GRAND FORKS, N.D. – Sitting up at 3 a.m., with various thoughts circling through her mind, Kathleen Coudle-King turns to her journal – a teal, leather solace with the words “Write Your Own Script” printed on the cover. She pulls out her black pen and begins “dumping” all of her frustrations and anxieties onto the pages.
“I think of my brain as one of those electrical meters some nights,” she said, making the sound of a churning electrical current. “Writing is a way to slow it down.”
She writes in scattered phrases and lists for 10 to 15 minutes, filling three or four pages before closing her journal and finally going to sleep.
Coudle-King, executive director of the Fire Hall Theatre and a senior lecturer at the University of North Dakota, has been journaling four to five days a week for nearly 20 years. She said the expressive writing is a way to free her mind from her worries, anxieties, fears and frustrations.
“I’ve found that it’s a good way to deal with anxiety,” she said. “Sometimes, it’s just a good way to dump anger.”
If Coudle-King is really upset with someone but can’t talk to them about it, or if she is obsessing about something minor, she said she will write about it in her journal.
“Often, once I get it on paper, I don’t have to keep revisiting it … usually,” she said with a laugh.
The creative writing teacher has taught journaling workshops and said she believes the act of journaling can free people to think more clearly. She said one of the great creative writing gurus, Julia Cameron, calls it “the morning pages.”
“When you wake up … you write for 10 minutes, and you just go. Whatever is on your mind, your dreams, your anxieties for the day,” she said.
Coudle-King prefers to write at night, but she said it has the same effect. It allows her to clear her mind, so she can sleep.
James Pennebaker, a nationally known American social psychologist, has done extensive research on journaling as a route to healing. According to his book “Writing to Heal,” his research has shown that short-term focused writing can have a beneficial effect on everyone: from those dealing with a terminal illness to victims of violent crime, to college students facing first-year transitions. His book is a how-to guide on writing expressively.
“When people are given the opportunity to write about emotional upheavals, they often experience improved health,” Pennebaker said. “They go to the doctor less. They have changes in immune function.”

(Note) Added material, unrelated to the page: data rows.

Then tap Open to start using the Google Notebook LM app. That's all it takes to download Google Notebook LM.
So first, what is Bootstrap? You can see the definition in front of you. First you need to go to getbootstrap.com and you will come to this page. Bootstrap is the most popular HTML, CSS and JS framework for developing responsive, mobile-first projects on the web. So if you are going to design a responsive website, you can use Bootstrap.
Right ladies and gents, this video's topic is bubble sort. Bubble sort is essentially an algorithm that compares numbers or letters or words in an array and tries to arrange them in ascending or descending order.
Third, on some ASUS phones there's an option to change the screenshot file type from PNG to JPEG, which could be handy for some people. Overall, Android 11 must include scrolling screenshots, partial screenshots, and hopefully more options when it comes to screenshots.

Much like expressive journaling is beneficial to one’s mental health, the act of food journaling has been proven to be beneficial to one’s physical health.

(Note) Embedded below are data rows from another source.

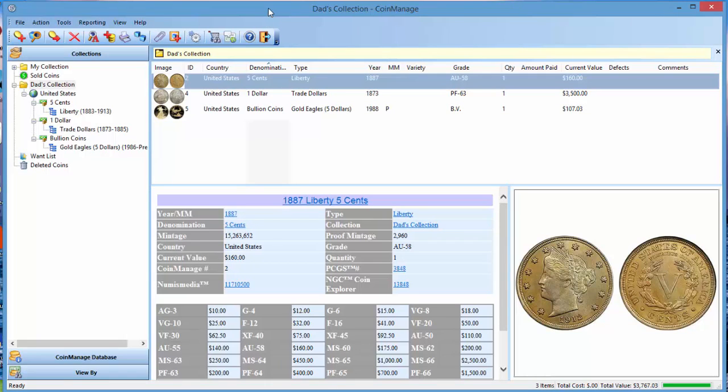It doesn't really make sense to just have one master set section where every possible U.S. mint set is included. The list would just be too long and too confusing. But we're looking at ways of making this easier to do in the 2016 edition.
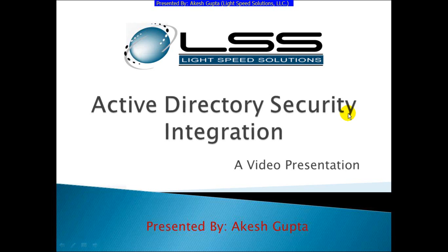Good morning everyone. My name is Akesh Gupta and I'm with Lightspeed Solutions. Today in this presentation I will share with you how to integrate IronSpeed applications with Active Directory security.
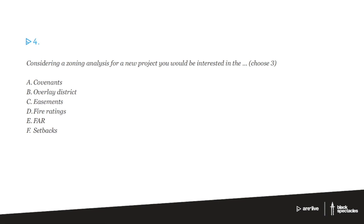So I'm going to give you the answers right off the bat here and then we're going to talk about them just a little bit. So overlay districts, FAR, and setbacks.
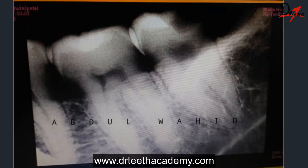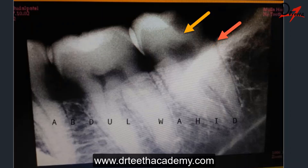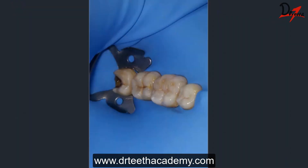Coming to the radiograph — this is the IOPA of the same case. We can see the pulp chamber is still safe; the caries activity has not yet reached the pulp chamber, which is a good thing. We also need to look at the height of the alveolar crest bone to judge how deep the caries lesion is. This is a difficult but manageable case.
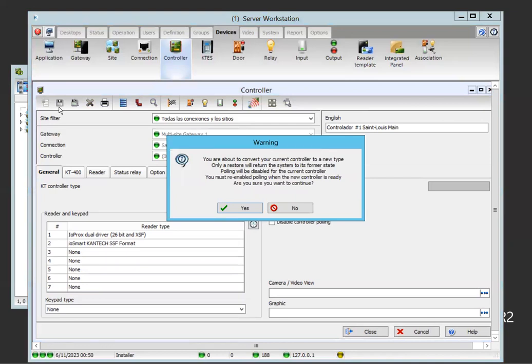So once we do that and we save, please, let's read the warning. You are about to convert your current controller to a new type. Only a restore will return the system to its former state. Pulling will be disabled for the current controller. You must re-enable the pulling when the new controller is ready. Are you sure you want to continue?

In a 2012 study by the Fred Hutchinson Cancer Research Center in Seattle, researchers found that women who kept food records lost six more pounds on average than women who did not. The study also found the food journaling helped people lose weight more quickly and maintain the weight loss for a longer period of time.

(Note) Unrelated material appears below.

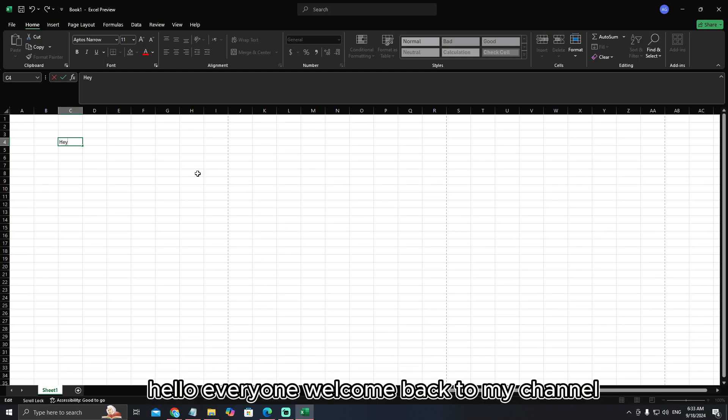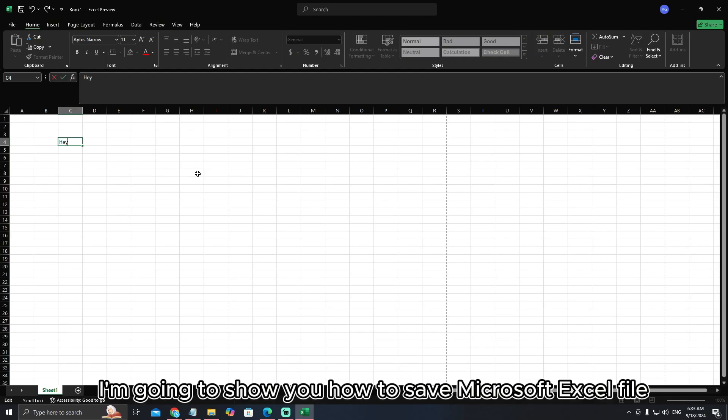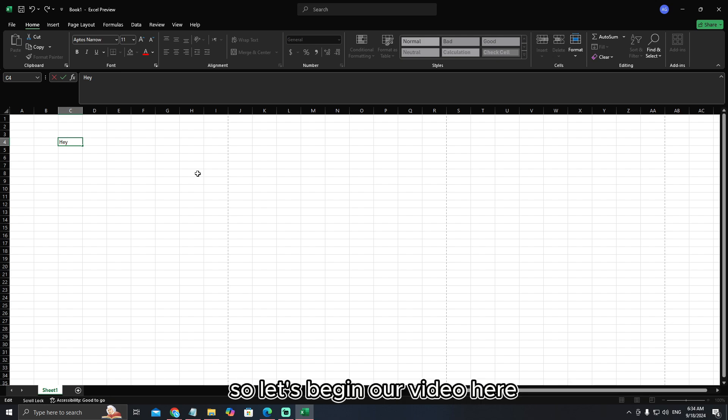Hello everyone, welcome back to my channel today. In this video, I'm going to show you how to save a Microsoft Excel file. So let's begin.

Erin Meiers, of Grand Forks, N.D., said she turned to food journaling when she was trying to lose weight and gain muscle in preparation for the Fargo Fitness Show last year.
Every day, she recorded the details of her meals including the time, food, quantity, calories, carbohydrates and protein. She also recorded her specific goals, like how much she wanted to lose and how much protein she needed to take.
“It helped to be conscious of what I was eating,” she said. “It helped with caloric intake and protein amounts.”
Meiers recorded her meals consistently for about one month, and inconsistently for about four. She said journaling was helpful in the beginning because it allowed her keep to track of how much and what types of food she was eating.
After a while, recording everything became more of a hassle, but Meiers said that journaling did help her stay on track and stick to her goals.
Coudle-King said she prefers to live in the now and look to the future, rather than spending a lot of time reflecting on the past, so she doesn’t read her journals very often. But, she has kept all of them. Her dozen or more journals lie scattered around the house, some slightly hidden and some right on the top of her dresser.
“A friend and I joke that ‘if I die before you do, you have to go into the house, find the journals and burn them,’ ” she said, adding that they would have to do so without reading the journals because that’s practically “the 11th commandment.”